According to U.S. Military Theory, We Can't Win in Iraq

From Alternet:

A soldier in Baghdad, in town for the "surge" and wondering whether things really are as bad as they seem, might want to read FM 3-24, the U.S. military's Counterinsurgency Field Manual, released last December. On Page 1-29, our soldier will find a handy table -- "Successful and unsuccessful counterinsurgency operational practices" -- that outlines the Dos and the Don'ts.

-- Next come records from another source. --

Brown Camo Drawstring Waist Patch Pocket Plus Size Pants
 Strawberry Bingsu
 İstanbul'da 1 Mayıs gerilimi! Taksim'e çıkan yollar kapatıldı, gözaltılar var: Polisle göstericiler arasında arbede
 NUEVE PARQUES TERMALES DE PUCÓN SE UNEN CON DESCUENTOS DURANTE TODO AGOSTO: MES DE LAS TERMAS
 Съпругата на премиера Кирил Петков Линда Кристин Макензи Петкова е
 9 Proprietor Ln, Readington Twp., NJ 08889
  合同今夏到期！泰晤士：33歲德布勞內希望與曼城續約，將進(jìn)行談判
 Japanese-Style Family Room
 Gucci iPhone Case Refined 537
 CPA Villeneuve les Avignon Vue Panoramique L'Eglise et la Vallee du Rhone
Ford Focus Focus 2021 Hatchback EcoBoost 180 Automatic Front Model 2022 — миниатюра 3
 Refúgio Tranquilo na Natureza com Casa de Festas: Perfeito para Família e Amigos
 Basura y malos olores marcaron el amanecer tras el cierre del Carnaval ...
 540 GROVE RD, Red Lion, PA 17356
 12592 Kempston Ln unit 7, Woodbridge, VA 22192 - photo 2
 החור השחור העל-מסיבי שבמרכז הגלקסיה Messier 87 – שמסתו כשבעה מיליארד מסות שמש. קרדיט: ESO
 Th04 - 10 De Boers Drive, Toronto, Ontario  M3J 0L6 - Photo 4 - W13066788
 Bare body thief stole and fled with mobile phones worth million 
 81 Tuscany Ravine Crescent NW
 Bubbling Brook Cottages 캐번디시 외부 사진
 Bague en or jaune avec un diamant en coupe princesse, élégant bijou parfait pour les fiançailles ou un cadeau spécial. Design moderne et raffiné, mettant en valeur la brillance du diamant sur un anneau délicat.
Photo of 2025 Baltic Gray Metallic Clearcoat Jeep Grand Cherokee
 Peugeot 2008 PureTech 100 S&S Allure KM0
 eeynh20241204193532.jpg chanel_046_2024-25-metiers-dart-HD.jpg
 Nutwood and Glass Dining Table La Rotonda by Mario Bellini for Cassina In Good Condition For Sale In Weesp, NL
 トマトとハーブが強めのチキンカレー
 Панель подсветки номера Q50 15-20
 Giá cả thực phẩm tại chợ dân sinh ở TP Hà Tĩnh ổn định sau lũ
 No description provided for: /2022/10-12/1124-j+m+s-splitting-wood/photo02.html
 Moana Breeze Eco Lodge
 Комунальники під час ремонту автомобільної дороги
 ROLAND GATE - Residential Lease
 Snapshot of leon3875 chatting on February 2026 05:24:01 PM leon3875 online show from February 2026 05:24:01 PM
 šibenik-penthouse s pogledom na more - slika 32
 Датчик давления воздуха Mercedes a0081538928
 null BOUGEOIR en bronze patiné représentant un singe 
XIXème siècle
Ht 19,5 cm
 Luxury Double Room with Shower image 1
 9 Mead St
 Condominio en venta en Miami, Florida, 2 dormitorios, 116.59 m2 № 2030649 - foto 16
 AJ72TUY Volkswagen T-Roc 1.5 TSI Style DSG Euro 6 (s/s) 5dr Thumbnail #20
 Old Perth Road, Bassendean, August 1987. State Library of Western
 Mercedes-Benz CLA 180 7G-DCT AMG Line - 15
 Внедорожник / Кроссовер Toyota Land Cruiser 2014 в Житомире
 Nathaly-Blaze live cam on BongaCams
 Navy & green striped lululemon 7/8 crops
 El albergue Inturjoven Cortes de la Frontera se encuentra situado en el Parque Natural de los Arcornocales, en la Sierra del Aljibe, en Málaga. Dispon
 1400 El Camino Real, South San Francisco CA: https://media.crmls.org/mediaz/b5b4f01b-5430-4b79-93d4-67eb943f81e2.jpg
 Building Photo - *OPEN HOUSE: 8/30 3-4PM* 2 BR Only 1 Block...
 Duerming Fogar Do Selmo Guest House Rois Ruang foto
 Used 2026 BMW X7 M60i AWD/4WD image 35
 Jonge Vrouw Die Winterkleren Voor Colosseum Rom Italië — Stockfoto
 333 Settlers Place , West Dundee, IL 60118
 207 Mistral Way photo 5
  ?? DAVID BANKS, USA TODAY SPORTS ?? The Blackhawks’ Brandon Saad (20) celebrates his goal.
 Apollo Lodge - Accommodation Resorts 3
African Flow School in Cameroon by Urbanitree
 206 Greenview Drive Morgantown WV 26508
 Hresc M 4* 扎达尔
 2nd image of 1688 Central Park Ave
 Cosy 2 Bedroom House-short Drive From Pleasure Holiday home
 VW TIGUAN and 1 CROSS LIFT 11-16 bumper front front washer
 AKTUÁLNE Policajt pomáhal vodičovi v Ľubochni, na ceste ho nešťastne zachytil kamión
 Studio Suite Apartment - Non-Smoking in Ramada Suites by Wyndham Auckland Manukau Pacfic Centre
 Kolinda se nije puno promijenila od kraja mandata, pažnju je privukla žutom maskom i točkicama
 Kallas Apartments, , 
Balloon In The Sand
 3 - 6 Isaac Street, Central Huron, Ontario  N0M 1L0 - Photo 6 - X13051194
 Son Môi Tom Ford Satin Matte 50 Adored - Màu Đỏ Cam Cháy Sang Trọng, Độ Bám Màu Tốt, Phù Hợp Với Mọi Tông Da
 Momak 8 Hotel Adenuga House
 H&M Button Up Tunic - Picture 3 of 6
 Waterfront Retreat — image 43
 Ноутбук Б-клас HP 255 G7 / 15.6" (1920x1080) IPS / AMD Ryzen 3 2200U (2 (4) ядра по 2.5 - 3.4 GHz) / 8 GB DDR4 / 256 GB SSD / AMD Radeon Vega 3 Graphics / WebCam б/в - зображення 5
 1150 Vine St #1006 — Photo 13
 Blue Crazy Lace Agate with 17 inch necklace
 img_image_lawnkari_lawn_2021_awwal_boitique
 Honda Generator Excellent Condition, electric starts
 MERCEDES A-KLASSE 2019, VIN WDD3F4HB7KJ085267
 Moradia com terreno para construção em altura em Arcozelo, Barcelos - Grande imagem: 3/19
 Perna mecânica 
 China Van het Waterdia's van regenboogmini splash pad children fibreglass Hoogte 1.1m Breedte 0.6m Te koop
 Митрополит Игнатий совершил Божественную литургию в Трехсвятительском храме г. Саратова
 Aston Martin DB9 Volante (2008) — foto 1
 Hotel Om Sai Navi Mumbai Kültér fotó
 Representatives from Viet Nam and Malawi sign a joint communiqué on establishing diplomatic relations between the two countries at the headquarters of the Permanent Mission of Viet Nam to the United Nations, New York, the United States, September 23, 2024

In which column would one place the major decisions of the Bush administration? The dissolution of the Iraqi army, the de-Baathification of the civil service, the failure to guard important historic and cultural sites, the granting of reconstruction contracts to American firms, and the long-term neglect of legal due process -- all correspond to the advice on the "Don't" side of the chart. And that's not accounting for atrocities like those in Falluja, Haditha or Abu Ghraib. The "Dos" column, on the other hand, reads like a list of what the United States has failed to do: meeting the population's needs, expanding secure areas, politically isolating the insurgents, training and equipping Iraqi forces, securing the borders and so on.

If this table serves as a pocket-sized score card, the 280-page manual is a full-bodied treatise on the subject. This is the first new counterinsurgency field manual to appear in 20 years, and as such, it serves as a tacit admission that the American strategy in Iraq is simply not working. The manual's perspective takes on additional significance since its chief author, Gen. David Petraeus, has just taken over as the top commander in the war.

The guy who literally wrote the book on US counterinsurgency tactics goes against his own teachings when he claims the war in Iraq is "winnable".

So which time were you lying, General? When you told the American people that you could win an unwinnable war because doing so might help your career or when you wrote the manual that our troops must use when they go into battle?

If we don't get this administration out of office and stop this war, the US and the Iraqi people are in for more bloodshed and more looting of their treasuries by Bush stockholders.

1 comment:

Paul Hue said...

Nadir: I agree with you and the Alternet author. However, I certainly hope that the advocates of freedom / democracy win, and hope that Bush and his leadership count in that number.